- ビットコインの上昇トレンドを見極めるインジケーター
- 2018年以降に低迷する仮想通貨市場だが、テクニカル分析における2つのインジケーター上では、DVANのストップラインとトレンドラインが交差するなど、相場転換の予兆を示すサインも点灯している。
- インジケーターとは
- 指標を示すインジケーターは、テクニカル分析に用いられる。チャートの動きを視覚的に表すことで、売買のタイミングを計るサインを確認できるため、相場の動きを分析しやすくなる。
注目すべき2つのテクニカル指標
2018年前半を振り返ると、仮想通貨市場にとって受難の年とも言えるほど、大幅な価格の低迷が続いています。

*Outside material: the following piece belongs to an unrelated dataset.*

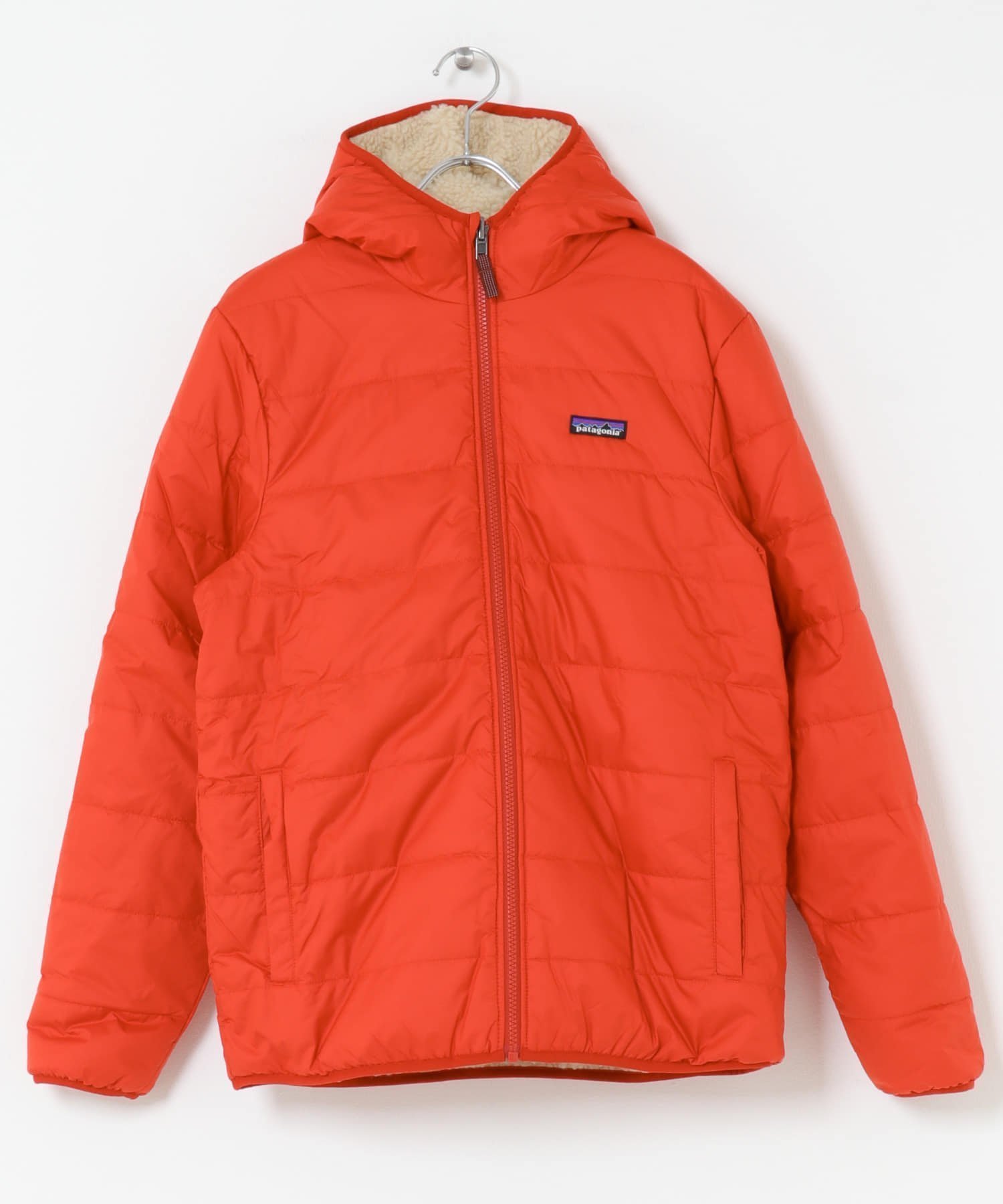 【アーバンリサーチ ドアーズ/URBAN RESEARCH DOORS】のpatagonia Ks Ready Freddy Hoody インテリア・キッズ・メンズ・レディースファッション・服の通販 founy(ファニー) 　ファッション　Fashion　レディースファッション　Fashion for Women　アウトドア　Outdoor Clothing　キルト　Quilt, Quilted Fabric　ジャケット　Jacket, Outerwear　セーター　Sweater, Knitwear　ダウン　Down, Puffer　ボーイズ　Boyish, Boy Style　リバーシブル　Reversible, Two-Sided　A/W・秋冬　Autumn/Winter　冬　Winter / This Winter　2025年　2025　2025-2026秋冬・A/W　Autumn/Winter 2025–26 AW25–26　AMRE|ID: prp329100004693309 ipo3291000000033887805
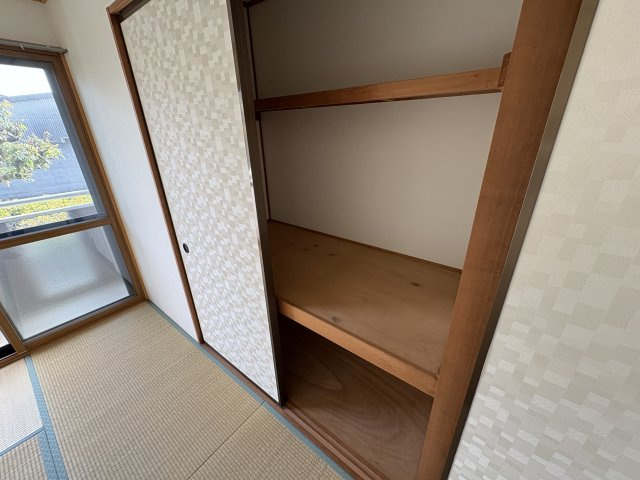 ネオアネックスの収納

6月に年初来最安値を記録した際には、昨年12月の史上最高値と比較して実に70%を超える暴落となりました。 7月に入って価格は上昇したものの、依然として低い価格帯で停滞しており、大きなトレンドの転換には至っていません。
そのような状況にある中で、テクニカル分析における2つの指標からは、ビットコインの価格が上昇に転換する可能性を読み取ることが出来ます。
DVAN指標
1つは、Divergence Analysis社(DVAN)が開発した売買圧力の指標ですが、DVAN指標は、コインの価格、及びトレンドラインと最良の「出口」ポイントを、チャート化した独自の分析方法です。
このチャートは、対象となる商品(この場合ビットコイン)が「買われ過ぎ」か、「売られ過ぎ」かを分析するツールとして使うことができ、 トレンドが転換する前兆を分析するのに有効です。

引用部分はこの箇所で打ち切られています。